イー・モバイル、3Gモジュール内蔵の無線ルータ「Pocket WiFi」


 イー・モバイルは29日、3Gモジュールを内蔵した無線LANルータ「Pocket WiFi(D25HW)」を11月18日に発売すると発表した。価格は「ベーシック」の場合が3万9580円、2年間の継続利用が条件の「にねんM」の場合は5980円。

最大6台の機器を接続可能。バッテリー駆動時間は約4時間

「Pocket WiFi」を手に持つエリック・ガン代表取締役社長兼COO

 「Pocket WiFi」は、本体単体で下り最大7.2Mbps、上り最大5.8Mbpsのデータ通信が可能な製品。IEEE 802.11b/gに準拠した無線LAN機能を搭載しており、同時5台までのPCやゲーム機などを無線LAN接続して、本製品を介したインターネットの利用が可能になる。

 また、本体底面にUSBポートを備え、USBケーブルで繋いだPCからのインターネット接続にも対応。無線LANルータモードと併用が可能で、この場合は5台までの無線LAN機器とUSB接続したPCの合計6台が「Pocket WiFi」に同時接続できる。接続可能なPCの対応OSは、Windows 7/Vista/XP SP2以降およびMac OS X 10.4〜10.6で、ドライバの自動インストール機能も備える。
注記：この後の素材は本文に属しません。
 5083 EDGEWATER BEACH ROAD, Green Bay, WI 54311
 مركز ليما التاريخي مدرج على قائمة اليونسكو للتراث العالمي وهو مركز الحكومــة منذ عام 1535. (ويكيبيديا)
 本体は、サイズが約48.6×95.5×14.1mm(幅×奥行き×高さ)、重量は約80gの小型筐体を採用。前面には有機ELディスプレイを備え、電波状況やバッテリー残量などを確認できる。また、側面部には電源スイッチなどに加え、ストラップホールも用意した。本体には加えて、microSDHDカードスロット(最大16GBまで)も備える。

 約1500mAh容量のバッテリーも内蔵しており、連続で約4時間の通信が可能だ。充電はUSBポートに接続可能なACアダプタを利用する。また、USBケーブルでPCに接続している場合はUSBバスパワーで動作するほか、電源オフまたは3G通信機能をオフにしている場合はUSB経由での充電にも対応する。

[お詫びと訂正]
 初出時、本体ディスプレイについて液晶ディスプレイとしていましたが、正しくは有機ELディスプレイとなります。お詫びして訂正いたします。


「Pocket WiFi」外観 背面 本体は名刺サイズの大きさ

主な特徴 利用シーン 無線LANを持つゲーム機やポータブルプレーヤーとの利用も想定

 無線LANセキュリティは64/128bitのWEP、WPA/WPA2(TKIP/AES)をサポート。初期状態では64bitのWEPが設定しており、WEPキーは製品添付の用紙などに記載する予定という。また、無線LAN設定システム「WPS」を利用した、無線LAN子機との無線LAN設定にも対応する。なお、異なる無線LANセキュリティのSSIDを複数設定できる「マルチSSID」機能は用意していない。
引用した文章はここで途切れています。